= Institute of Transport Management =

The Institute of Transport Management is a non-profit organisation founded in England in 1977 to aid, oversee and reform the standards in the transport industry. Based in London, with a production facility in County Galway, Ireland, the organisation has a Europe-wide scope.

The institute's stated objectives are among others:
- To promote academic achievement, training and professionalism within the transport and logistics industry.
- To monitor and improve standards through ongoing research and communications programs.
- To award industry members for significant achievements and contributions in the development of transport solutions.

Its principal activity has been the distribution of awards to companies, nominally those with innovative transport products and services. The companies nominate themselves or others for these awards, and after a period of independent research, a short list is compiled naming the winners. A Lifetime Achievement award is also given to a person who distinguishes themselves throughout their career and achievements. Not all categories are filled from year to year due to this application process.

==History==
Established in 1977, The Institute of Transport Management, also known as ITM, was the first to award companies and individuals for their effort in the transport industry in Europe. SME's, multinationals and other supporting industries have received numerous awards since the Institutes establishment. Through the decades and as a result of incredible growth in the industry, the Institute of Transport Management had increased its award categories.

In 2001, Dealers Choice Award was introduced to reflect the opinions of the automotive industry through their interaction with products and customers. Those taking part in the nominations are not allowed to vote for their own company and must be nominated by other individuals.

In May 2014, the institute announced that it is restructuring the company by moving its headquarters to London and opening a production facility in Ireland. The process started in 2013 where the Institute focused on updating their database and fostering new links around the world so that they are up to date on the most current research prior to the 2014 re-launch. The re-branding of the companies website from ITMawards to ITM World is an enlargement strategy employed to give the institute a worldwide presence in the evolving transport industry and revive the long-standing achievement of the international awards body.

By October 2014, ITM hoped to relaunch its exclusive online publication, The Transport Journal. The quarterly research journal reports into all the industry sectors and looks at future innovations in the transport industries.

==Categories==
- Aviation
- Automotive
- Maritime
- Rail Transport
- Supporting Industries
- Logistics
- IT and Communications
- Environmental
- Aftermarket
- Dealers Choice

==Nomination Process==

- Companies, organisations and individuals that meet the awards criteria under each respective category are invited to participate in the nomination process.
- Selected companies submit any additional statements or documents that they feel may be important to the nomination process.
- Pre-assessment process of entries is undertaken by Institutes research team against strict quality criteria.
- Nominees for each category are notified and published on the ITM awards site.
- The chosen members of the Award committee, which is made up of Institutes members, approves nominations and scores them according to category criteria.
- Category winners and the overall winners are notified and announced to the Transport Media.

==Some of the Past Winners==
- Swissport, Global Aviation Ground Services Company 2012
- Evolution-Time Critical, Emergency Logistics Specialist of the Year, 2012
- GEFCO, European Logistics Company 2012 and UK Automotive Logistics Company 2012
- Jaama Ltd, Fleet Software Company of the Year 2012
- GMAC, Best Auto Finance Company 2012
- Autologic Diagnostic Ltd.
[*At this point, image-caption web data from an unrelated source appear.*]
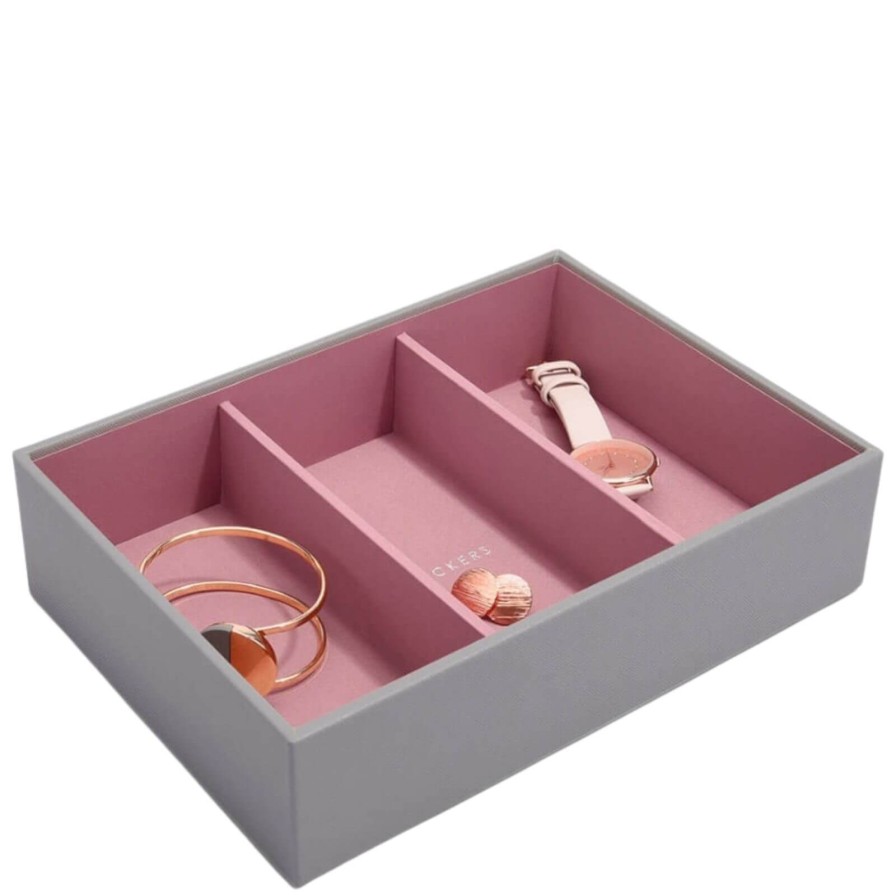 Stackers Stackers Classic Jewellery Box (Watch & Accessory Layer) - Dove Grey Pink Wholesale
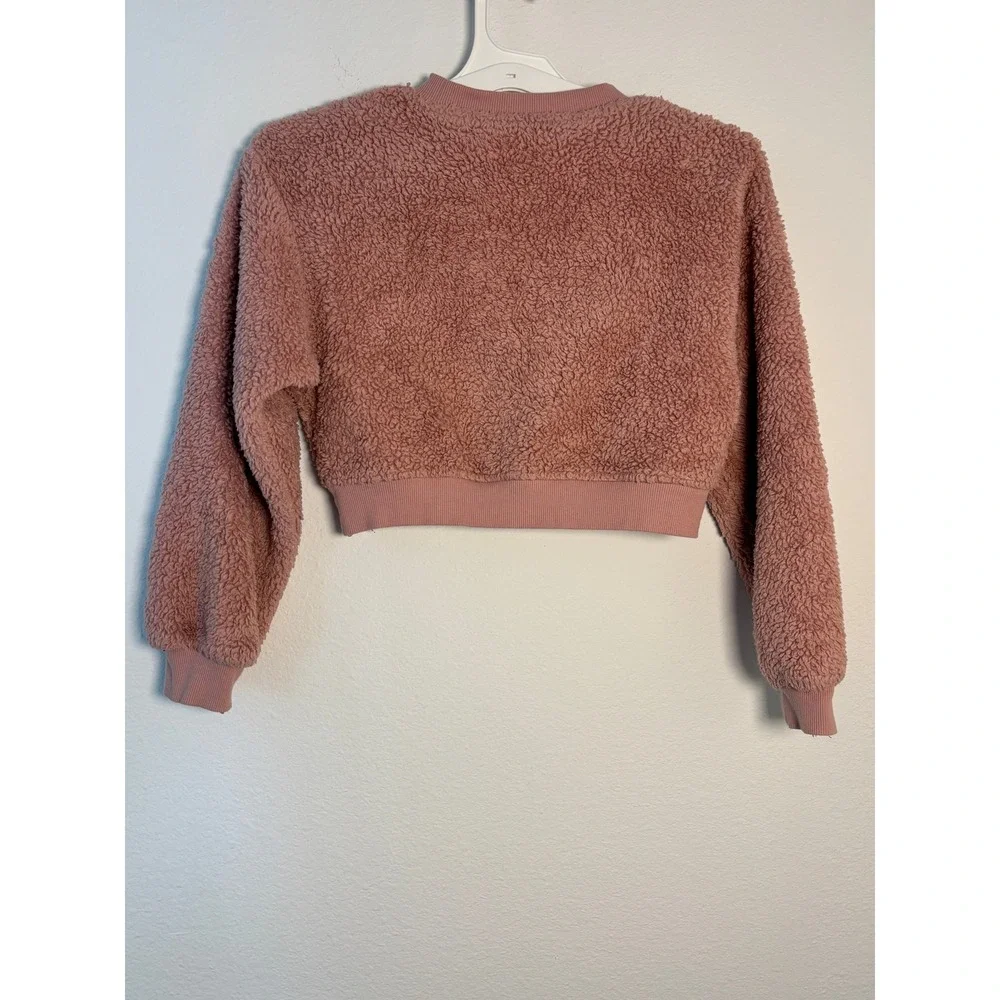 H&M Girls Dusty Rose Pink Teddy Fleece Cropped‎ Sweatshirt Size 8-10Y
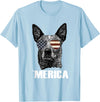 Australian Cattle Dog Patriotic Tee Gifts Merica Australian Cattle Dog with USA Flag Sunglasses Gift T-Shirt - Baby Blue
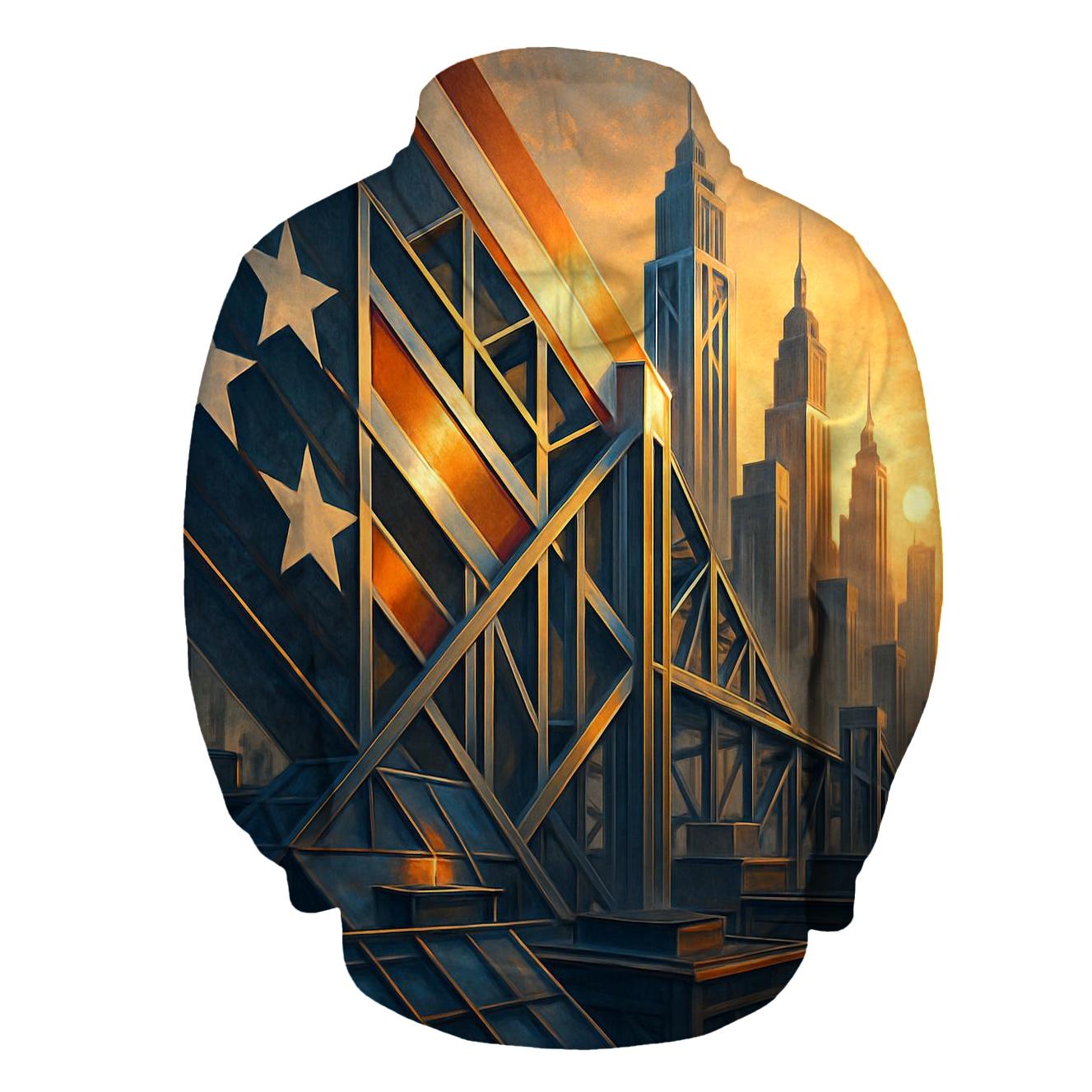 Stars And Steel Skyline printed hoodies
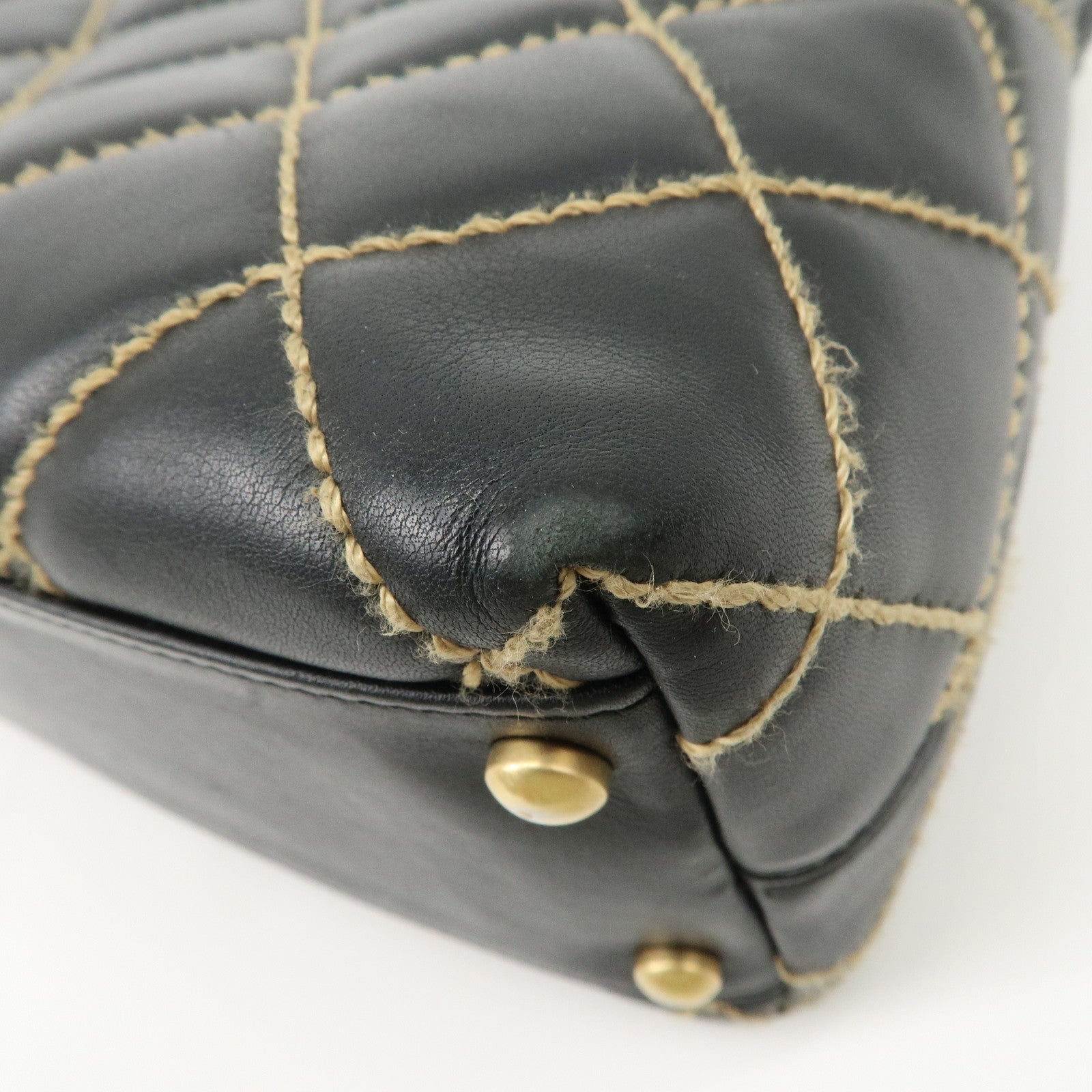 CHANEL COCO Mark Wild Stich Lamb Skin Chain Shoulder Bag Black Used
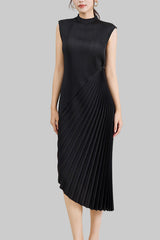 Niche design sense irregular pleated skirt dress women's cross-border new half-high neck fashion elegant dress skirt IsseyMiyakePleats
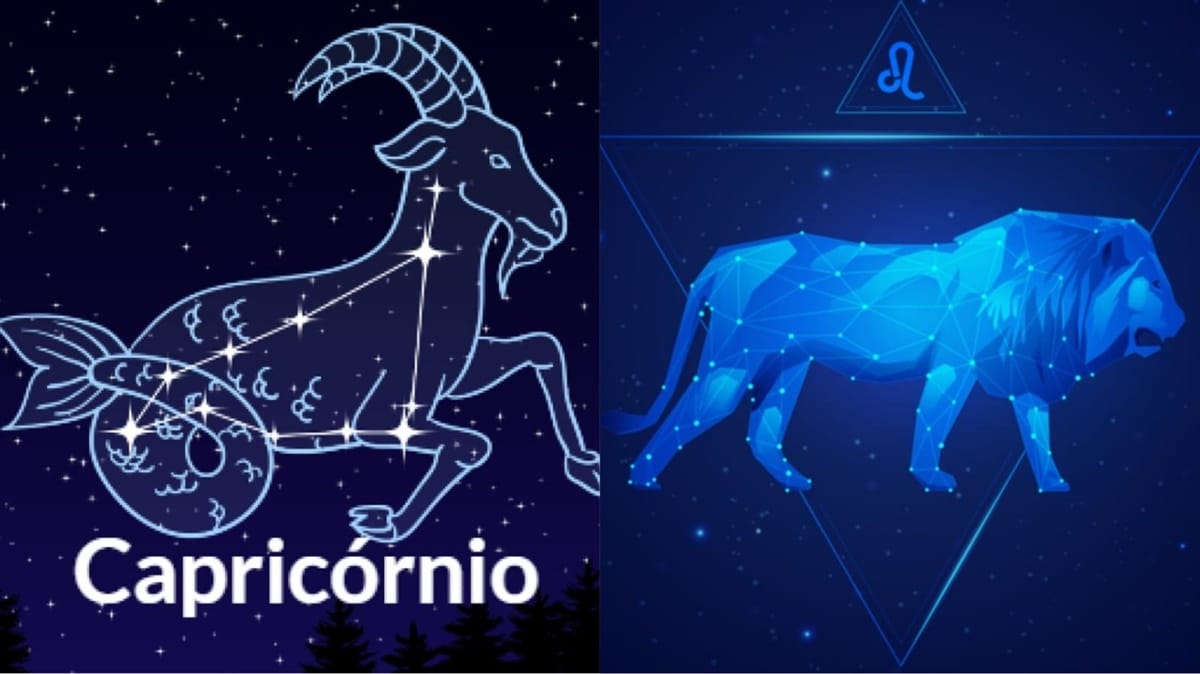 Capricórnio e Leão entram na lista dos signos com prosperidade prevista para 2024 (Fotos: Reprodução/ GettyImages/ Montagem)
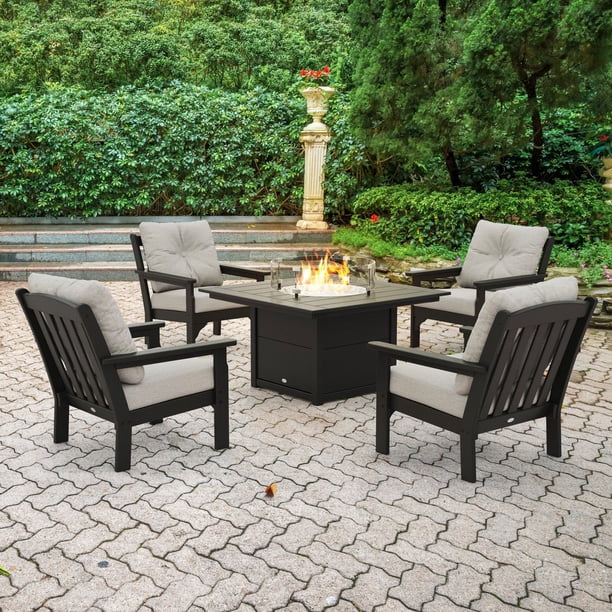◆アビスタイル◆ソファ◆PYD05-6◆ POLYWOOD Gulf Shores Deep Seating Fire Chat Set with Sunbrella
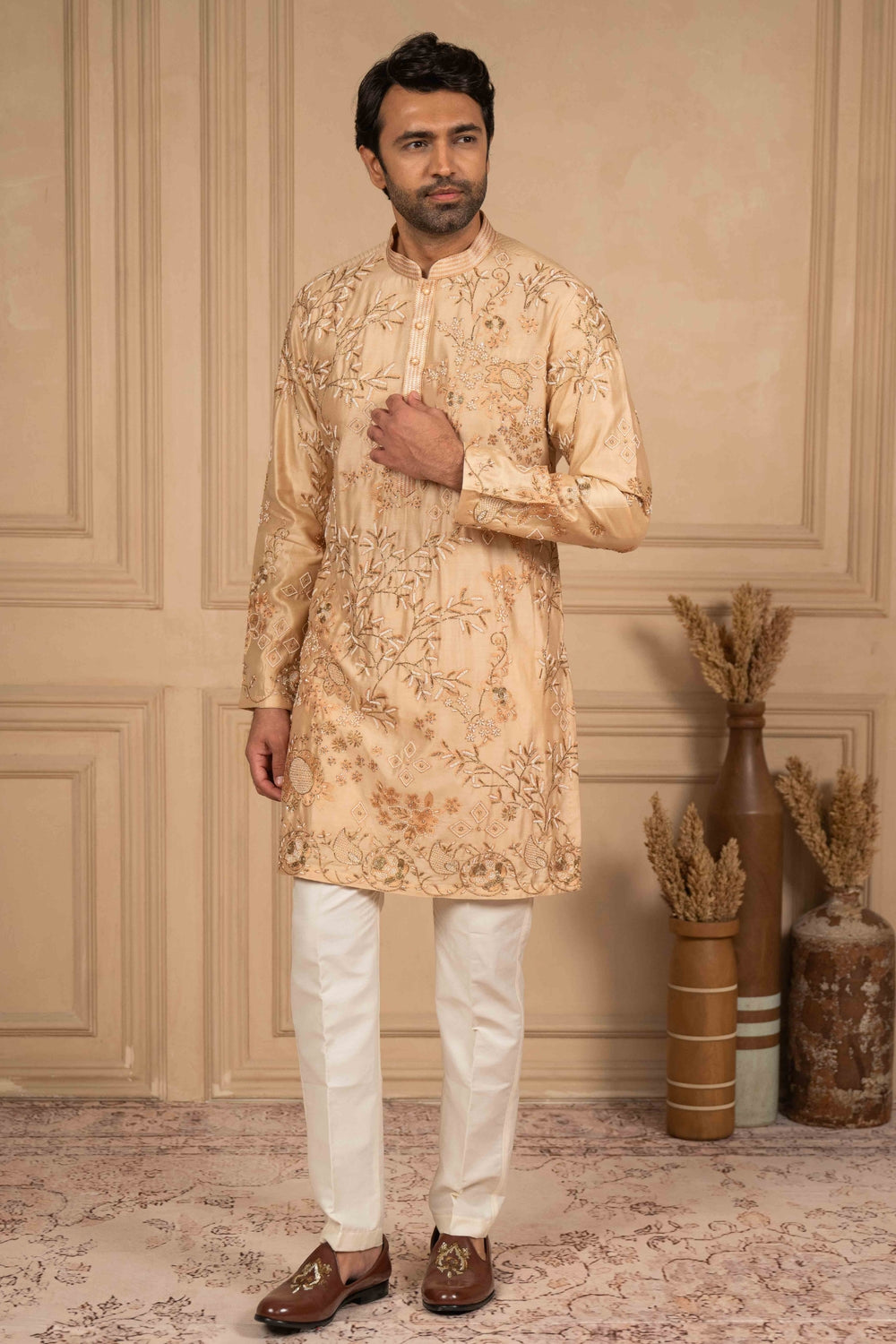 Dusty Peach Embroidered kurta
Best Automotive Diagnostic Systems 2011
- Exide, Best Automotive Battery Range in 2011
- SMA Group,'Best Independent Vehicle Remarketing Company 2010
- Nissan, Van of the Year 2010, NV200
- FedEx Express, Best Global Cargo Hub 2010 award for its Memphis World Hub
- TouchStar Technologies, Best Mobile Computing Specialist 1999

==Membership==
The Institute of Transport Management has nearly 18,000 members from across the globe. The members are from the transport industry and affiliating companies who have a say in the award process, with some of them being selected to be part of the Award Committee itself. The Institute hopes to increase its membership to over 20,000 by 2015.